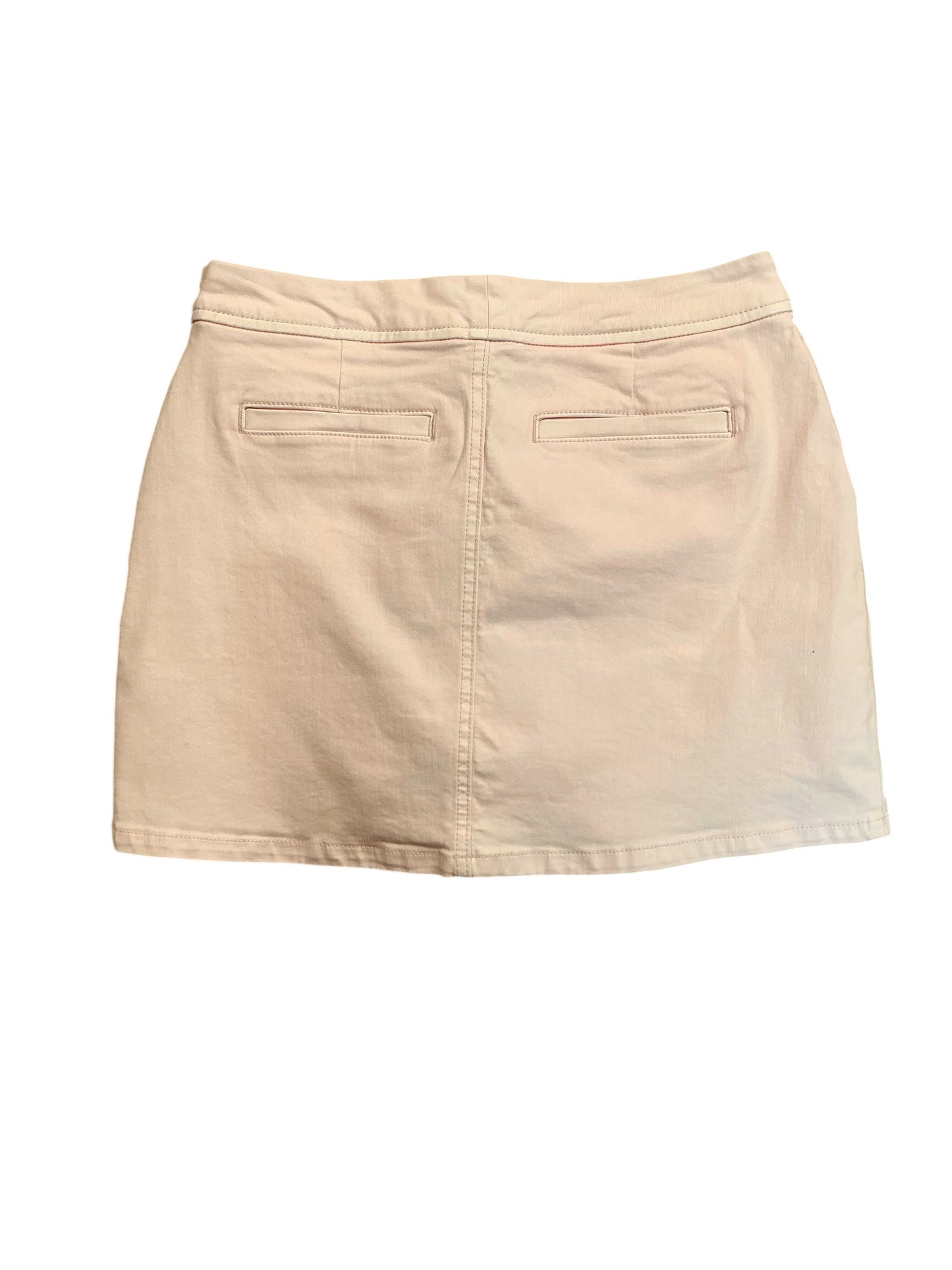 Lilly Pulitzer NWT Colette Denim Skort Misty Pink - Size 2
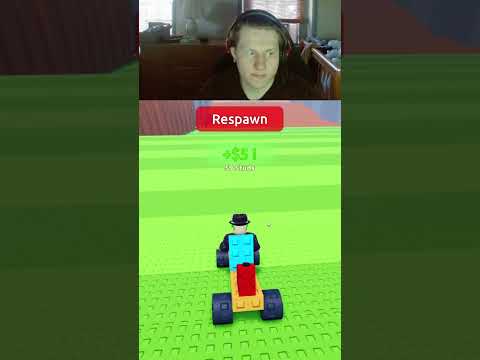 spooky Crocodile Challenge!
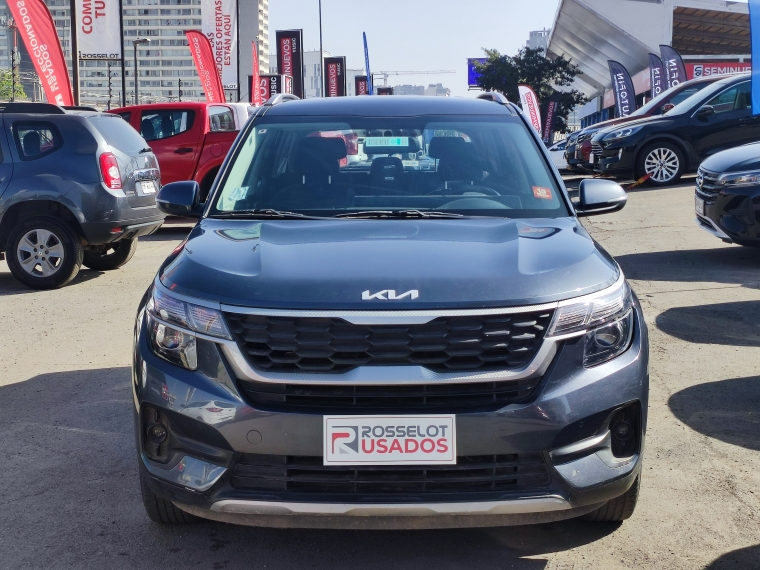 Kia Seltos Seltos Ex 1.6l 6mt - 2160 2022 Usado en Rosselot Usados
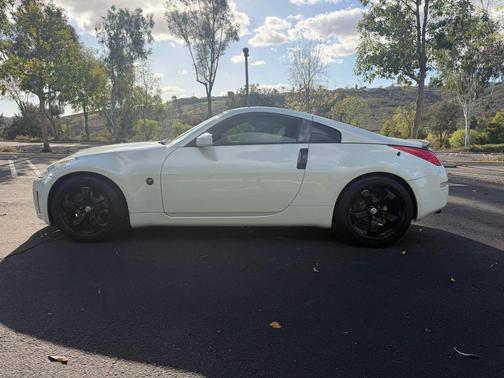 2008 Nissan 350Z Enthusiast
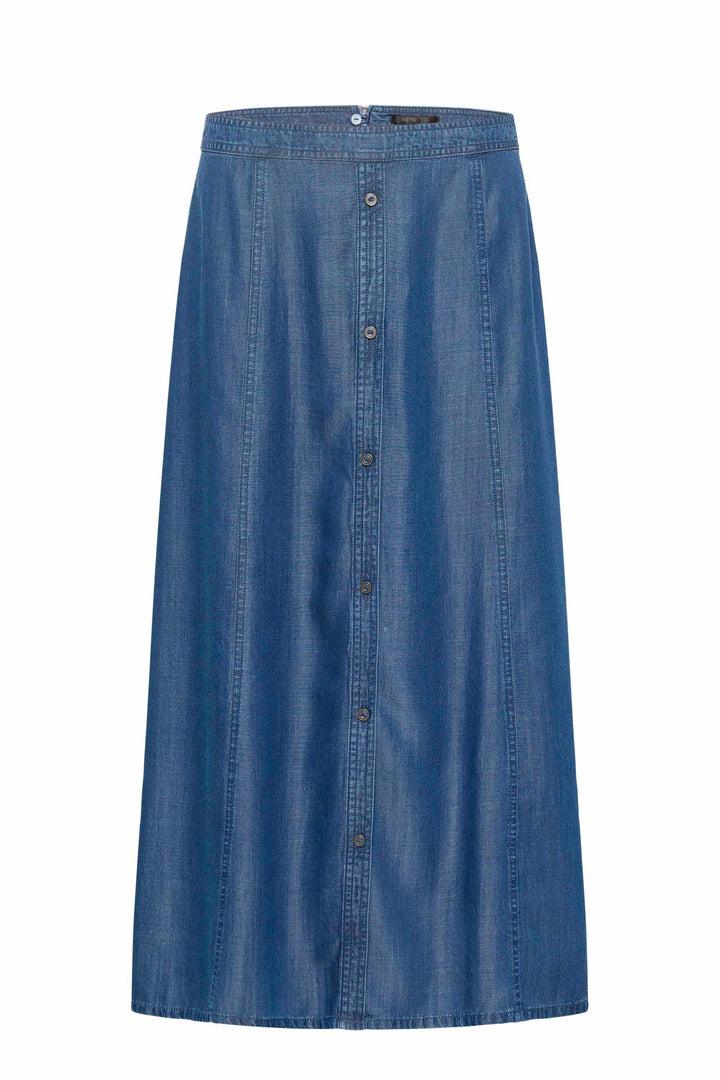 Barbara Lebek 78540032-850 Skirt - Blue, New, Skirt, SS23 ginasmartboutique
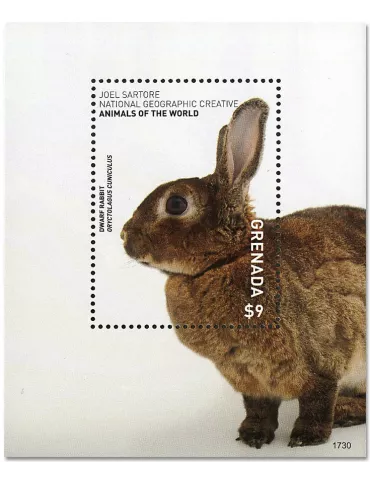 n° 854 - Timbre GRENADE Blocs et feuillets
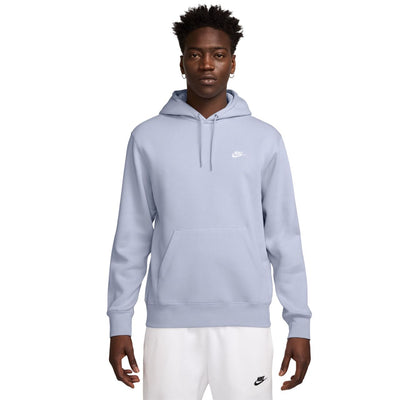 Coton ouaté à capuchon Nike pour hommes - CLUB BB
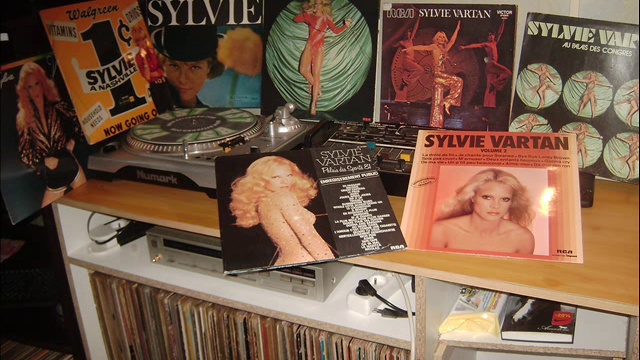 SYLVIE  VARTAN   -   MEDLEY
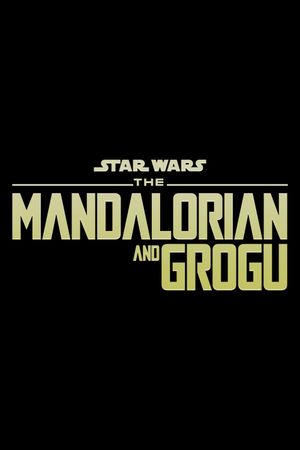 The Mandalorian and Grogu's poster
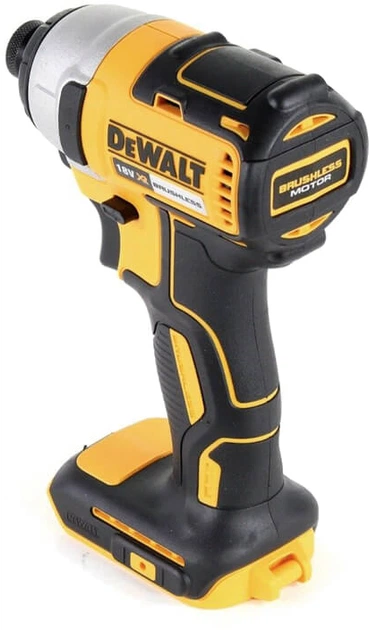 Zestaw dwóch narzędzi bezszczotkowych DeWALT 18 V XR Li-Ion, 2 Ah walizka, 2 akumulatory i ładowarka (DCK2060D2T)  - obraz 7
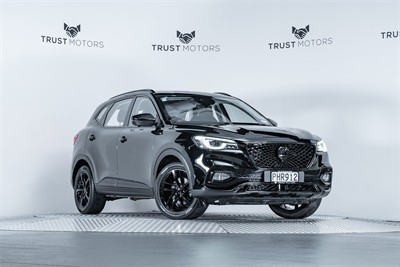 2022 MG HS - Image Coming Soon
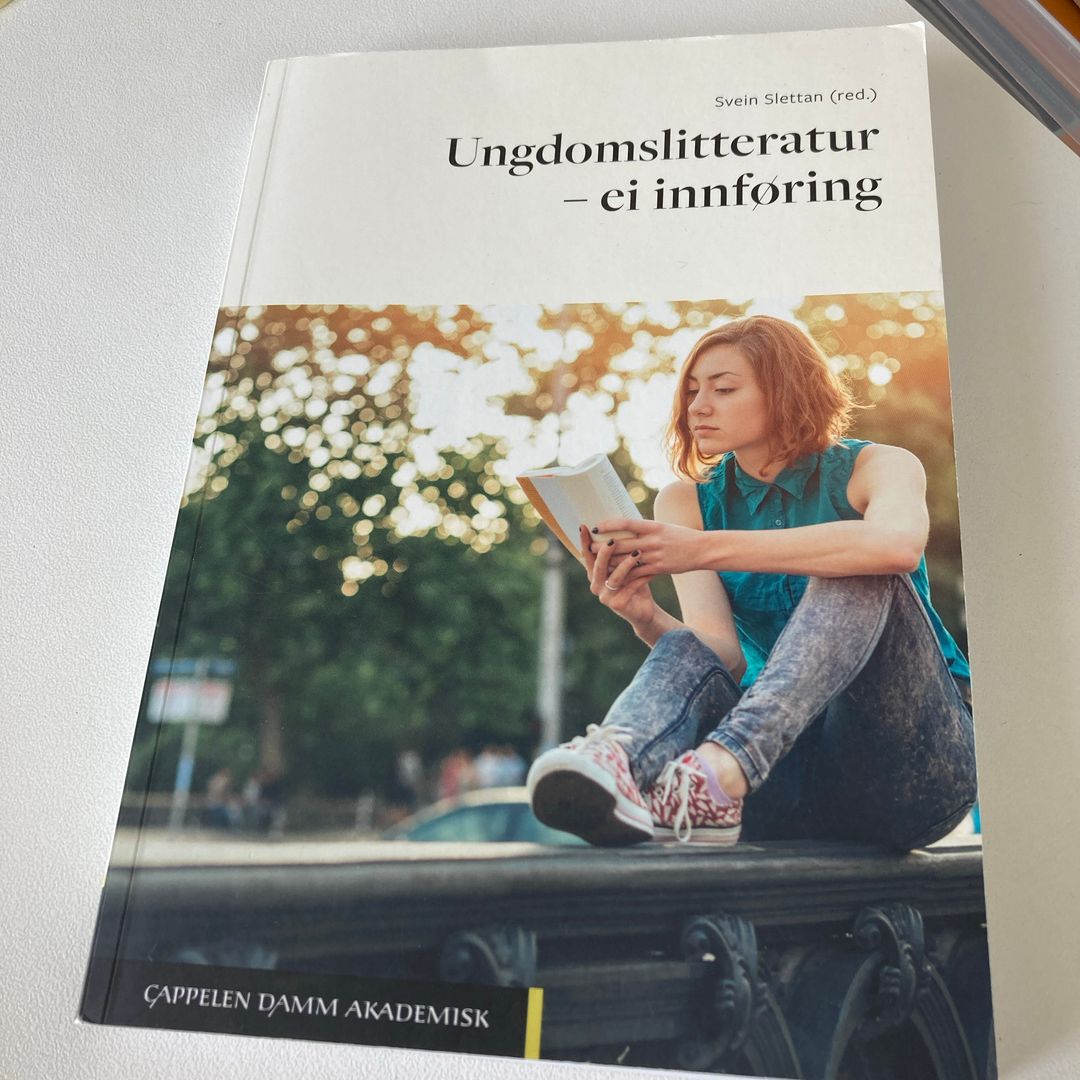 Ungdomslitteratur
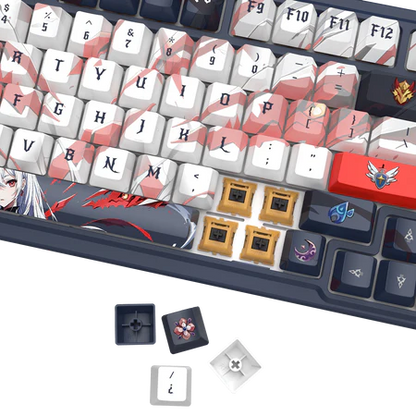 REDRAGON K686 PRO SE 98 Keys Wireless Gasket RGB Gaming Keyboard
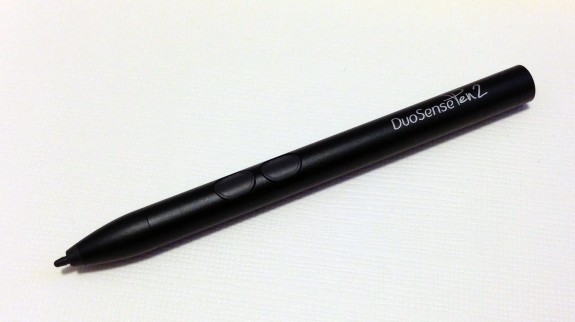 The N-Trig DuoSense Pen 2 is a great note taking companion.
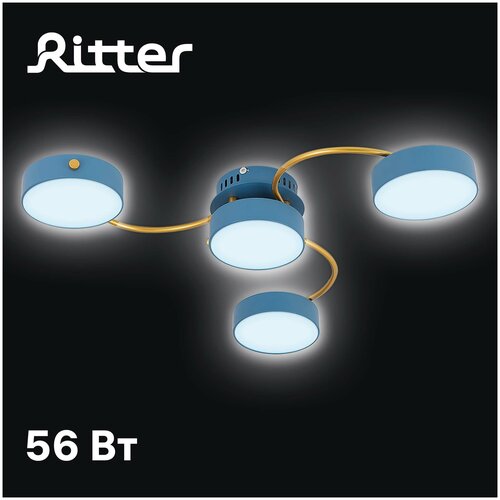    Ritter Scandia 52081 8,  8224 Ritter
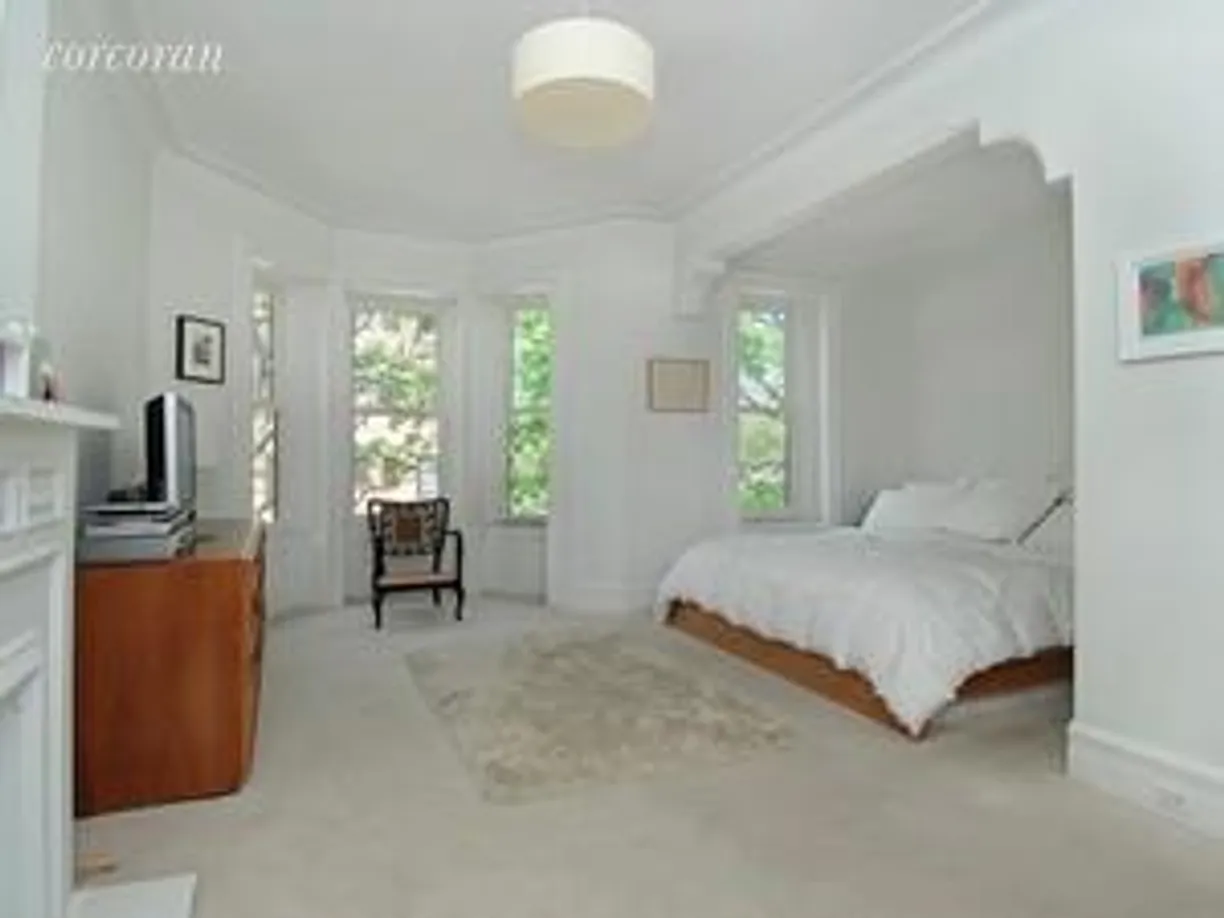 New York City Real Estate | View 458 2nd Street | Lovely Master Bedroom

§ **THE PROBLEM**: For this exercise, copy the entries above exactly and skip any picture.

§ **WRITTEN REPLY**:
 Lilly Pulitzer NWT Colette Denim Skort Misty Pink - Size 2
 spooky Crocodile Challenge!
 Kia Seltos Seltos Ex 1.6l 6mt - 2160 2022 Usado en Rosselot Usados
 2008 Nissan 350Z Enthusiast
 Barbara Lebek 78540032-850 Skirt - Blue, New, Skirt, SS23 ginasmartboutique
 n° 854 - Timbre GRENADE Blocs et feuillets
 Coton ouaté à capuchon Nike pour hommes - CLUB BB
 SYLVIE  VARTAN   -   MEDLEY
 The Mandalorian and Grogu's poster
 Zestaw dwóch narzędzi bezszczotkowych DeWALT 18 V XR Li-Ion, 2 Ah walizka, 2 akumulatory i ładowarka (DCK2060D2T)  - obraz 7
 2022 MG HS - Image Coming Soon
 Ungdomslitteratur
 REDRAGON K686 PRO SE 98 Keys Wireless Gasket RGB Gaming Keyboard
 The N-Trig DuoSense Pen 2 is a great note taking companion.
    Ritter Scandia 52081 8,  8224 Ritter
 New York City Real Estate | View 458 2nd Street | Lovely Master Bedroom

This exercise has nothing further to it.